El canciller Carlos Holmes Trujillo ha anunciado que Colombia liderará un esfuerzo diplomático de la mayor envergadura para lograr que de la asamblea especial de la ONU contra la corrupción surja un mandato para crear la ‘corte internacional anticorrupción’. Eso suena bien. Los pícaros y corruptos se han internacionalizado. También muchas multinacionales que interactúan con los Estados, como Odebrecht, son sembradoras y diseminadoras de corrupción pública y privada.
De allí que nadie pueda objetar que se fortalezcan los mecanismos de colaboración judicial ni que se busquen nuevas modalidades para que la cooperación entre Estados en esas materias sea mucho más ágil y eficaz. Pero una cosa es construir marcos multilaterales que ayuden a ese propósito (como las convenciones Interamericana y de la ONU contra las prácticas corruptas internacionales) y otra muy distinta es delegarle la soberanía judicial en esas materias a una remota corte internacional.
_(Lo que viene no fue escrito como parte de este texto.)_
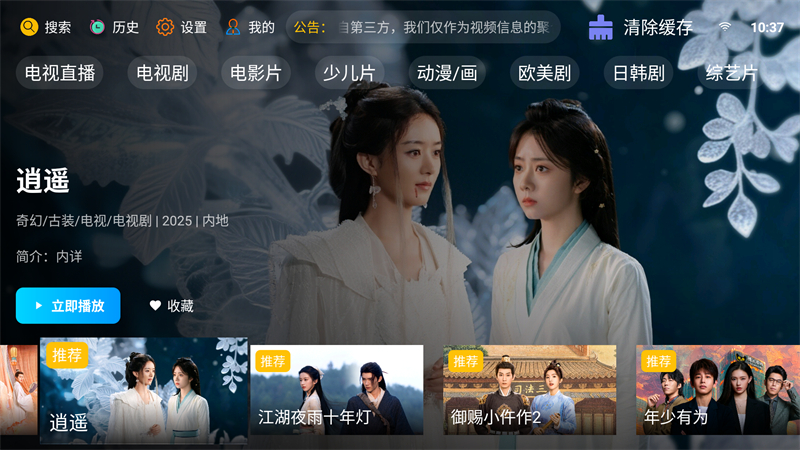 �·Ƿ�Ӱ��4.0TV�� 10.1 ���°��ͼ4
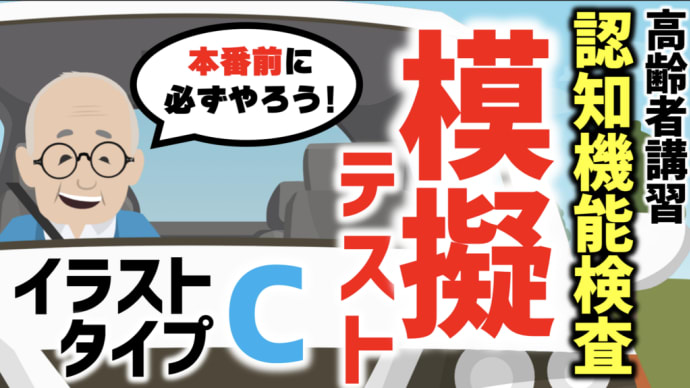 【高齢者講習 認知機能検査】本番前に必ずやろう！模擬テスト イラストタイプC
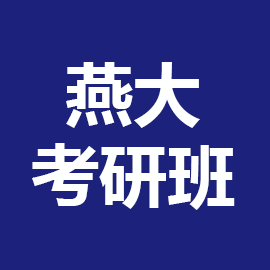 燕山大学考研辅导班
El multilateralismo y el derecho internacional vigente están siendo demolidos por las corrientes nacionalistas que prevalecen en los países más poderosos del planeta. No vemos ni a Trump, ni a Putin ni a los reyezuelos europeos modernos de la extrema derecha sometiéndose gustosamente a una jurisdicción global para que ellos o sus ministros sean procesados por supuestos, o reales, actos de corrupción. Por ejemplo, Trump ha amenazado con severas sanciones y retaliaciones si algún funcionario o militar estadounidense es juzgado o procesado en otro país, o en instancias internacionales.
El multilateralismo ha sido siempre asimétrico, pero nunca tanto como ahora. Los más débiles acatamos, mientras que los poderosos escurren el bulto. La Comisión ni la Corte Interamericana de Derechos Humanos son acatadas por Estados Unidos. La Corte Penal Internacional y la Corte Internacional de Justicia no son universales y un número significativo de países no aceptan o acogen la jurisdicción de estos órganos. No vemos por qué sea distinto con una corte internacional anticorrupción.
De otra parte, la estrategia judicial internacional de EE. UU., actitud cada vez más imitada, es que sus normas, pautas, leyes y principios tienen una proyección más allá de sus fronteras. El alcance jurisdiccional de la justicia estadounidense se ha internacionalizado y pretende la universalidad. El ‘prosecutorial power’ (la capacidad de perseguir judicialmente) de los Estados Unidos es usado con creciente asiduidad como herramienta al servicio de la política internacional y como poderoso recurso en el despliegue de sus aspiraciones geopolíticas. Miren lo que ha pasado con Huawei.
Conceptualmente se podría argumentar que una corte internacional anticorrupción sería útil para morigerar el unilateralismo judicial estadounidense. Eso solo sería válido si EE. UU. y los demás poderosos aceptaran la jurisdicción de dicha entidad. Vana ilusión. A lo que conlleva otra corte más es a una agudización del multilateralismo asimétrico que caracteriza a los organismos internacionales.
Además, siendo ‘la corrupción’ no solo un asunto de debate estrictamente judicial, sino también un eje de las controversias en la política, una corte internacional se podría prestar para exonerar corruptos amigos de un régimen o condenar falsamente a opositores y líderes con ideologías distintas. Sustituir la construcción de un sistema judicial nacional eficaz y capaz de enfrentar la corrupción por un organismo remoto allende las fronteras crearía un limbo jurisdiccional que sería el deleite de los delincuentes de cuello blanco.
‘Dictum’. Al representante Ricardo Ferro lo inhabilitaron como investigador de Santos no solo por su evidente enemistad con él, sino principalmente por haber prejuzgado en múltiples pronunciamientos.